Teaching and healing in a remote and precarious land
Some might ask why Dr. Glenn Geelhoed has the right to make wrenching life-and-death decisions about the impoverished people he treats. Simply, where he travels, there is no one else to make them. This is especially true in the Central African Republic, where the so-called government provides no security and no infrastructure. Mission to Heal is the story of several weeks in the CAR teaching, healing, and learning.
This is a tale of Western and indigenous caregivers operating side-by-side on the fringes of surgical civilization. Day by day, Glenn and his teams operate without electricity, with limited supplies, often with only local anesthesia.

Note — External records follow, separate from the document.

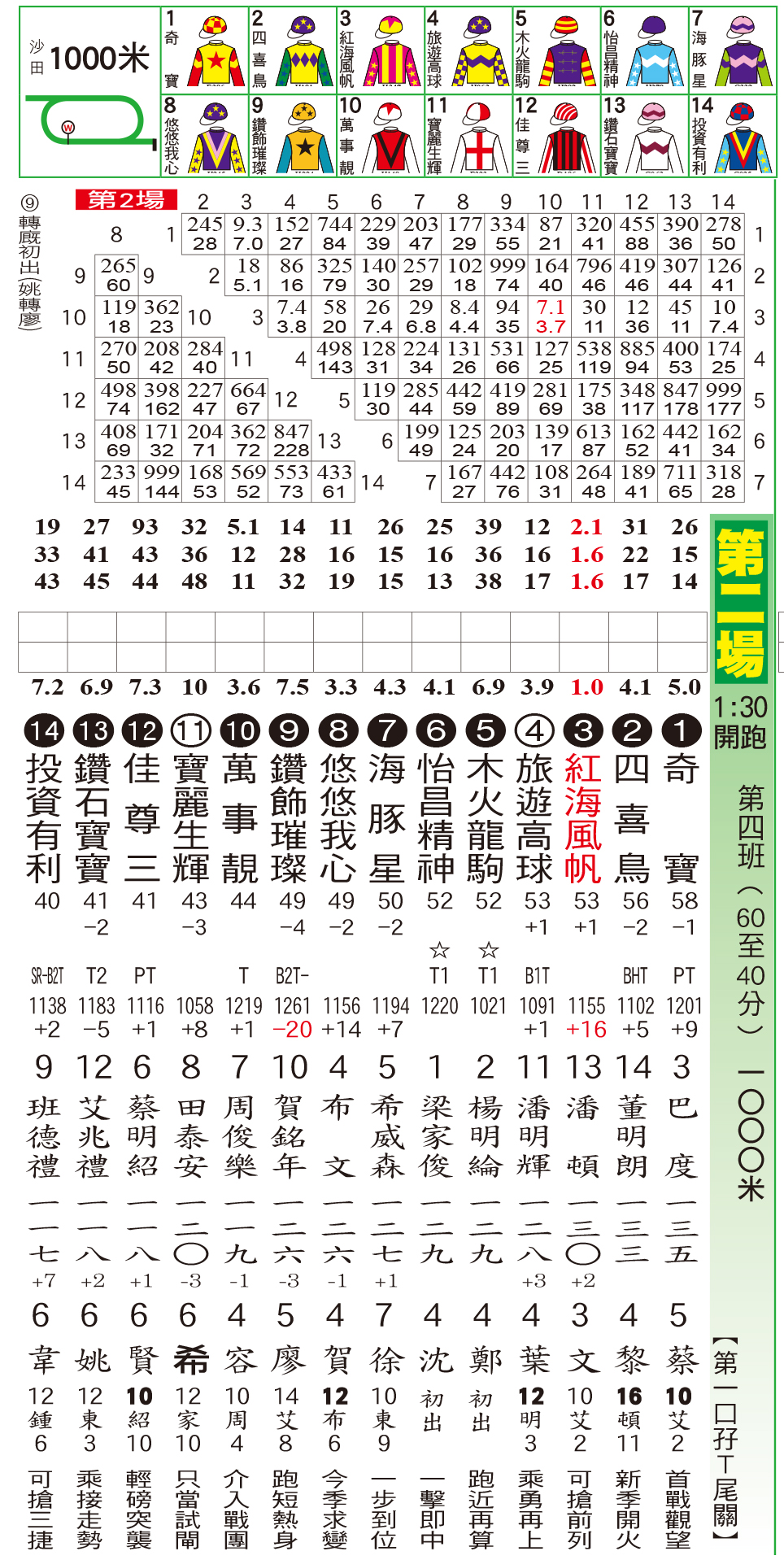 騎師日報 - 騎師日報10月1日沙田草地C+3跑道日馬排位表 現時《騎師日報》有電子版訂閱，歡迎PM查詢。...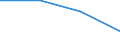 Entsprechende Zahl (insgesamt) der eingeschriebenen Studenten / Insgesamt / Sekundarstufe I (Stufe 2) - allgemeine Bildung / Anzahl / Deutschland (bis 1990 früheres Gebiet der BRD)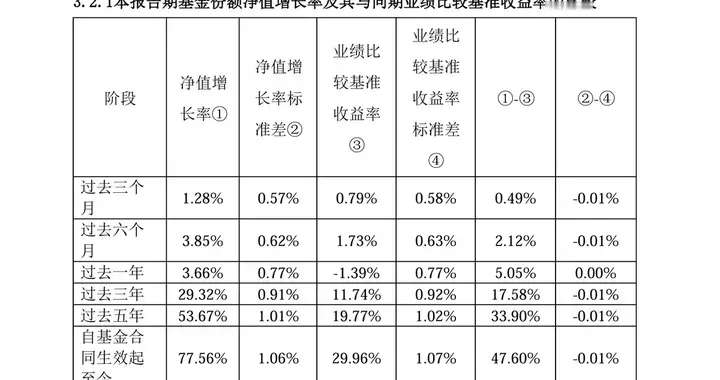 红利ETF易方达（515180）2025年四季报数据简评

Their patients are stoic, and the supporting caregivers are resourceful and generous in the extreme.
Many believe that the Zande and Mbororo people in this region, very near the most remote point on the African continent, are beyond help. Yet Glenn tells a different story--sometimes tragic, but frequently funny and often hopeful. Despite the backdrop of marauding invaders, refugee camps, and a deep history of geopolitical instability, Glenn works with the local people to develop a sustainable healthcare program--work he has been doing around the world for more than forty years.
The feats of his caregiving teams and the indigenous communities in which they work reveal a crucial lesson for our time: humility, perseverance, and resilience can be effective weapons against some of the world's greatest problems.